While there have been positive responses to lead reviewer Michelle Levy’s final report among industry bodies, the AOIFP and CHOICE have taken a different view.
AIOFP executive director Peter Johnston has been critical of QAR since its launch, most recently reiterating that the body is “unashamedly and unapologetically” representing the “best interests” of advisers in opposing the review.
Now that Treasury has released the final report, Mr Johnston has once again taken aim at QAR for allowing banks and institutions to re-enter the advice space.
“As we have pointed out on my occasions, Ms Levy has cleverly and strategically offered something to all stakeholders but it has always been contingent on giving the banks and institutions a ‘free kick’ back into mainstream advice without adequate protection for consumers in place,” he said.
“Thankfully, Ms Levy’s views are just that, her views. Let’s don’t forget Ms Levy was appointed by the Liberal Party who are very close to the institutions. We expect the minister will ‘cherry pick’ some of the ideas and bin the rest.

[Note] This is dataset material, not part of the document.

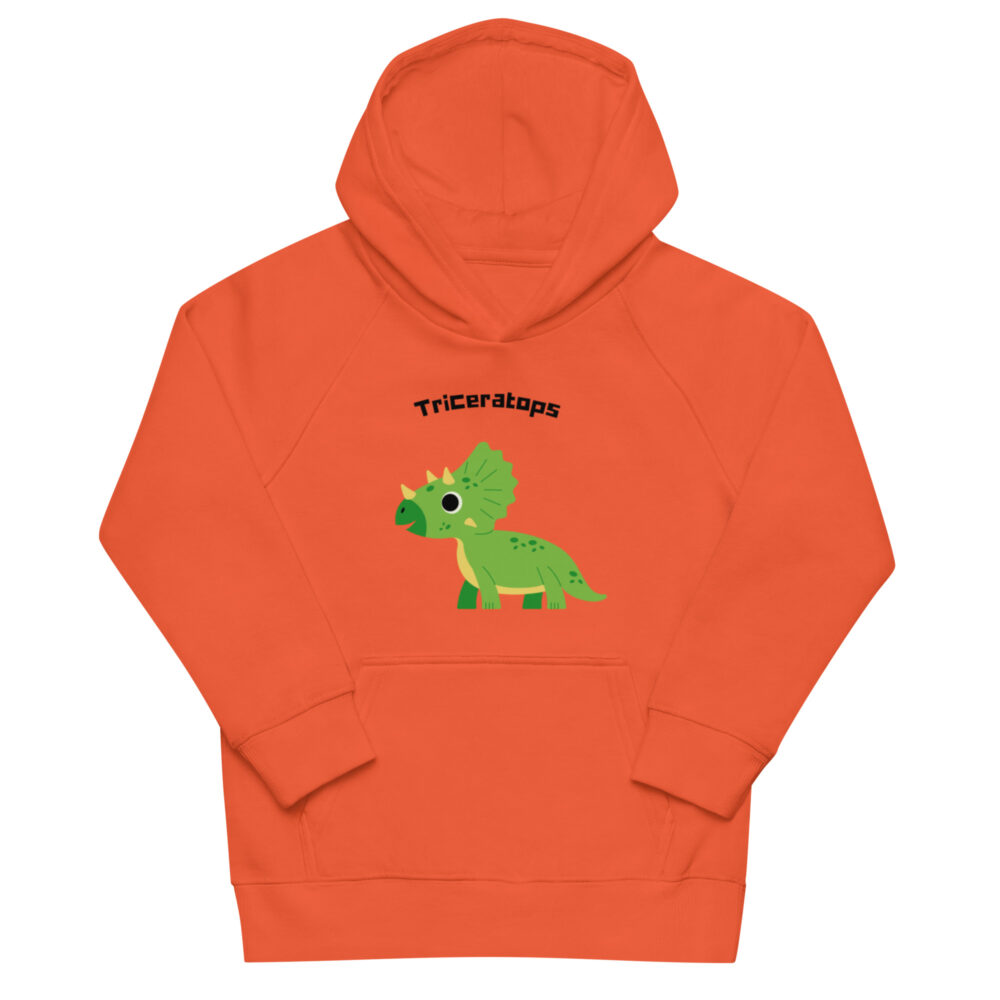 Dječja hoodie “Triceratops” – organski pamuk - Slika 3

A waste of nine months where this time could have been used more productively in our view.”
Mr Johnston also restated the AIOFP’s view that “the institutions should not be allowed to masquerade or disguise what consumers deem to be ‘advice’”.
“The recommendations are contrary to the recent High Court judgement in the Westpac case where all judges unanimously ruled Westpac’s actions were compromising consumer protection,” he said.
“We think the best outcome is to give the institutions legislative carve out allowing staff to give product information to consumers, nothing more.”
Meanwhile, consumer advocacy group CHOICE declared the QAR recommendations a “recipe for another royal commission”.
CHOICE chief executive Alan Kirkland slammed the report, also calling out the banks and super funds as the “greatest beneficiaries”.
“This report is a recipe for another royal commission. The radical changes that it recommends will expose consumers to unacceptable risk when obtaining financial advice from a bank or super fund,” Mr Kirkland said.
“The biggest scandals in financial advice have involved large banks and super funds, yet they will be the greatest beneficiaries of the recommendations in this report. They will be able to undercut independent professional advisers by pushing out cheap and shoddy advice on a mass scale, provided by unqualified staff.”
Mr Kirkland also took aim at the “good advice” component of the report, citing concerns over clarity of what exactly constitutes “good advice”.
“The proposed changes to the tests for the quality of advice — with a new best interests duty for independent advice and a ‘good advice’ test for advice provided by banks and super funds — will add even more complexity to the system. This will be a lawyer’s picnic. It will take years for the courts to clarify new legal definitions, and lots of people will lose money in the meantime,” he said.
“To make such radical and untested changes at a time when global financial markets are unstable will be a disaster.
“We agree that there’s still plenty the government can do to improve regulation of advice, starting with reforms to the meaningless reams of information that consumers currently receive from advisers. We encourage the government to focus on practical reforms that can make the system more effective, rather than the radical recommendations that would undermine consumer protection.”